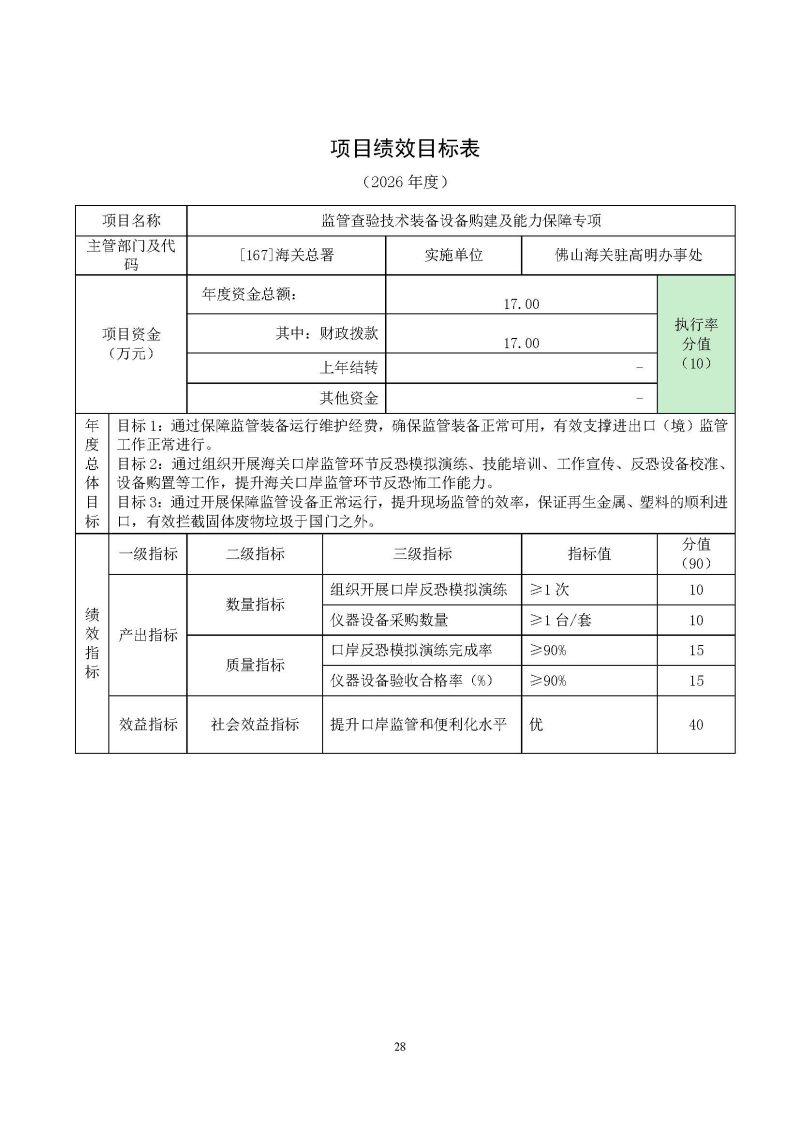 佛山海关驻高明办事处2026年度部门预算_页面_30
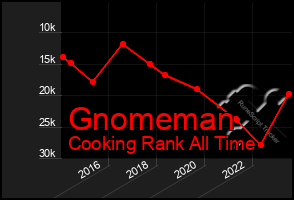 Total Graph of Gnomeman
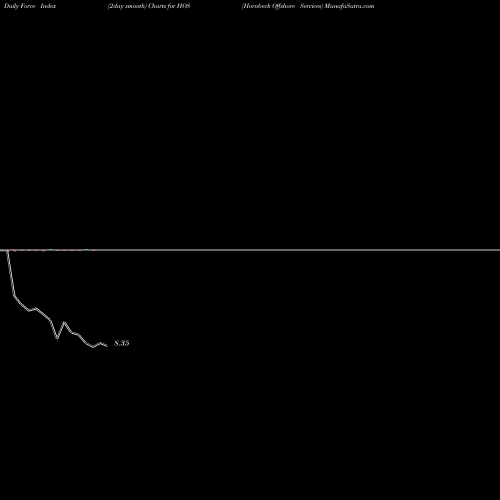 Force Index chart Hornbeck Offshore Services HOS share USA Stock Exchange 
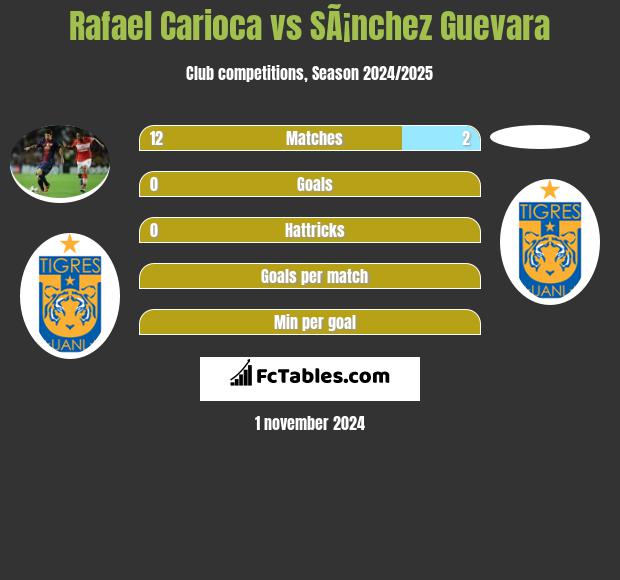 Rafael Carioca vs SÃ¡nchez Guevara h2h player stats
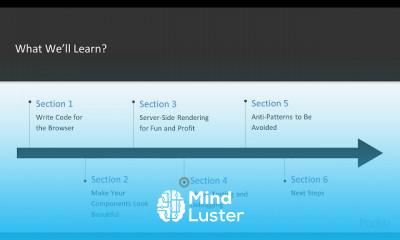 Advanced Design Patterns with React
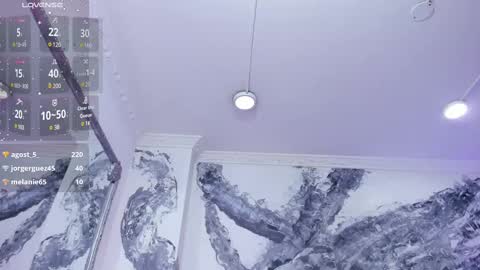 Aurora Rojas online show from March 5, 11:38 pm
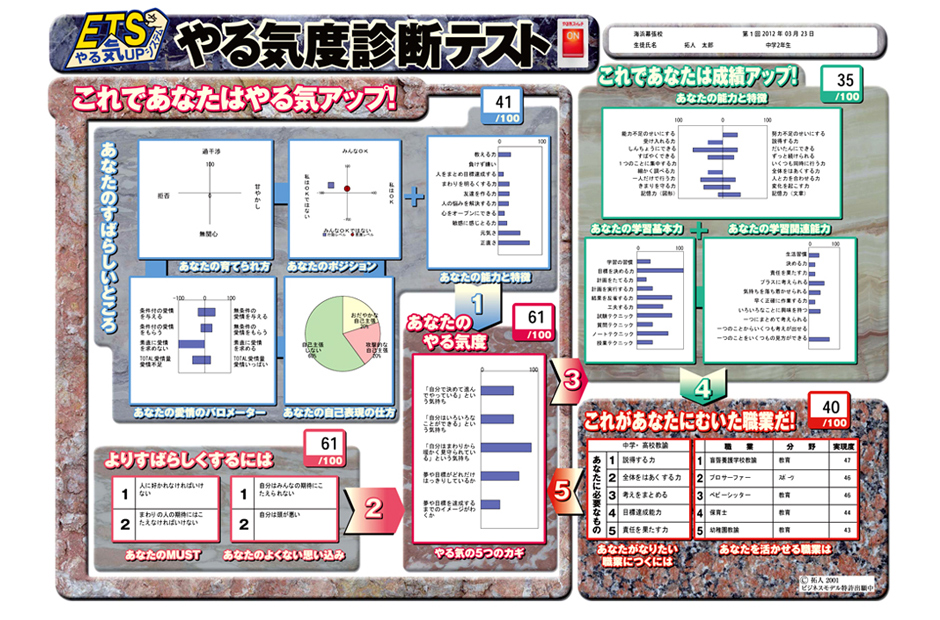 スクールIEの個性診断テスト | 個別指導塾・学習塾-やる気スイッチ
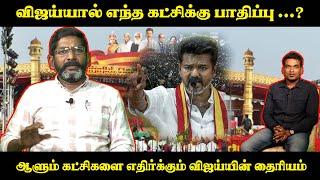 திமுக - பாஜகவை ஒரே தராசில் நிறுத்திய விஜய் - Savukku Shankar on vijay political entry savukku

________

Copy the entries character for character, excluding any pictures.

 佛山海关驻高明办事处2026年度部门预算_页面_30
 Total Graph of Gnomeman
 Force Index chart Hornbeck Offshore Services HOS share USA Stock Exchange 
 Rafael Carioca vs SÃ¡nchez Guevara h2h player stats
 Advanced Design Patterns with React
 Aurora Rojas online show from March 5, 11:38 pm
 スクールIEの個性診断テスト | 個別指導塾・学習塾-やる気スイッチ
 திமுக - பாஜகவை ஒரே தராசில் நிறுத்திய விஜய் - Savukku Shankar on vijay political entry savukku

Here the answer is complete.